STANFORD -- Sexual harassment, employment law, anti- trust regulations, environmental regulations and indirect cost were topics covered in a periodic forum for university managers on Dec. 14.

General Counsel Michael Roster also reviewed the reasons for reorganizing the operation he took over 17 months ago.

Roster is reducing his staff of 26 lawyers and paralegals to a core of nine serving both the university and Stanford Health Services. He has contracted with three outside firms for legal assistance. The distinction between staff attorneys and outside lawyers should be invisible to university client departments, he said. The three firms are McCutchen, Doyle, Brown & Enersen of San Francisco; Pillsbury Madison & Sutro, also of San Francisco; and Ropes & Gray of Boston.

The new system should save the university $500,000 to $1 million annually on legal costs that had reached $7.5 million to $8 million annually, excluding expenditures for extraordinary issues such as indirect costs, Roster said.

Stanford will not be "held hostage," Roster said when asked if the university would tend to settle more cases to avoid legal costs.

Sometimes the university will spend a great deal to preserve its reputation, he said. "In the indirect cost matter, we spent $35 million primarily on accountants, but also lawyers, to demonstrate to the federal government that we had done nothing wrong. It would have been easy to roll over. We don't intend to do that," he said.

Roster cited other reasons for the change, including the need to obtain outside expertise in specialized areas and the need to respond to fluctuations in areas of legal need.
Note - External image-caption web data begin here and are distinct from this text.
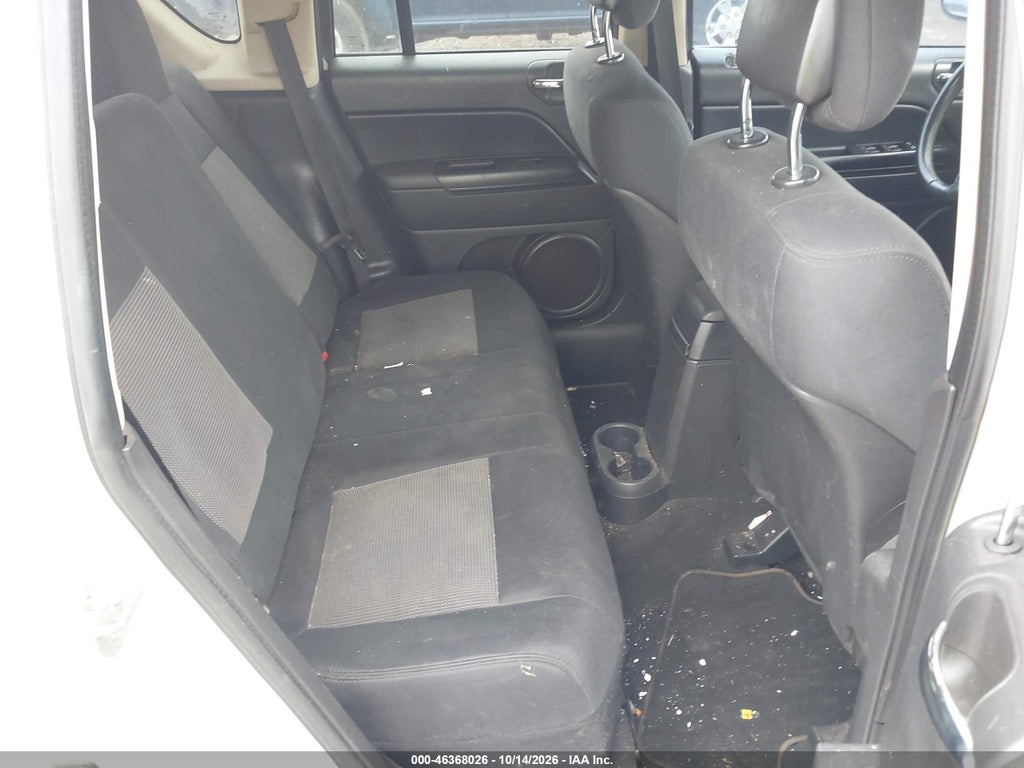 2012 Jeep Compass Latitude photo 8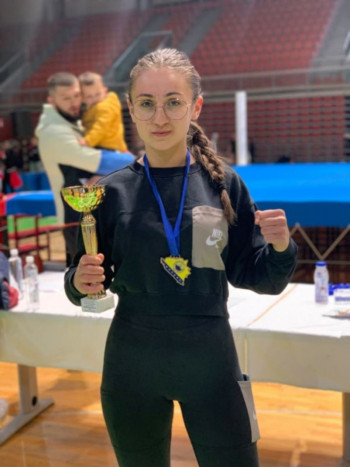 Јани Ђерић титула државног првака и пехар за најбољег јуниора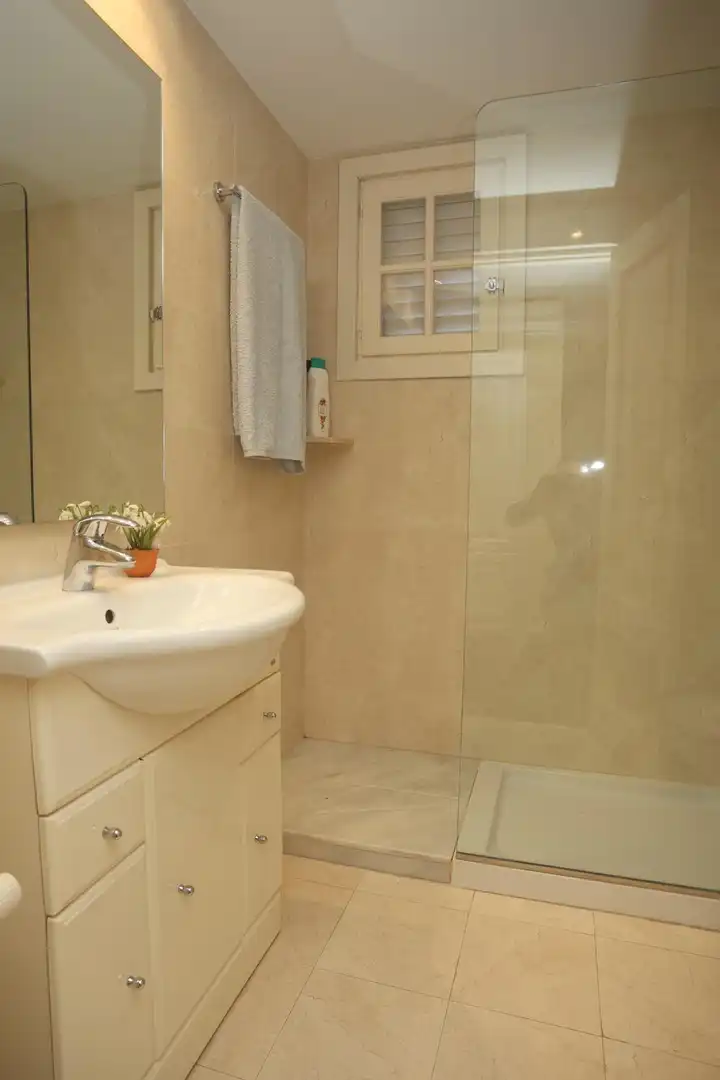 Badezimmer von Erdgeschoss zur Miete in Rocafort mit Klimaanlage, Heizung und Möbliert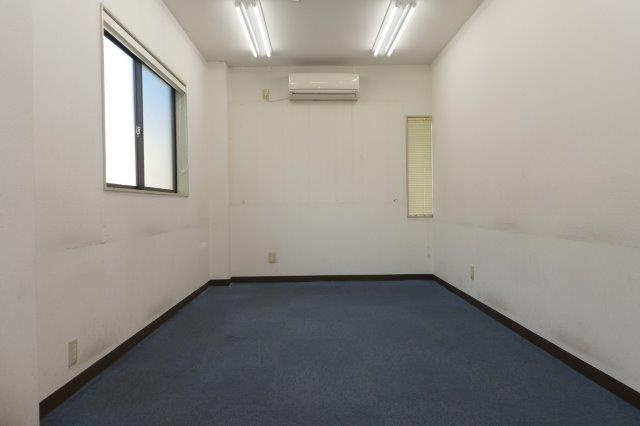 倉敷市堀南の店舗の内装|２F（仕切り壁のみ撤去可）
Roster advised the managers that the Legal Office should not be used "to fill management gaps." Because lawyers are good problem solvers and because "we get bored practicing law," the legal staff would sometimes get involved in management issues, he said.

However, managers must manage, and legal resources must be reserved for areas of highest legal risk for the university, he said.

At any given time, Stanford has more than 200 items in litigation, arbitration or dispute, Roster said.

His colleagues discussed some of the key areas:

  • Environmental regulation - Sally Drach, of McCutchen, Doyle, Brown & Enersen, said there has been a "tremendous explosion" in recent years in environmental regulation. New standards are complex and ambiguous, she said. Many of the laws were developed for the manufacturing environment, but now are being applied to universities.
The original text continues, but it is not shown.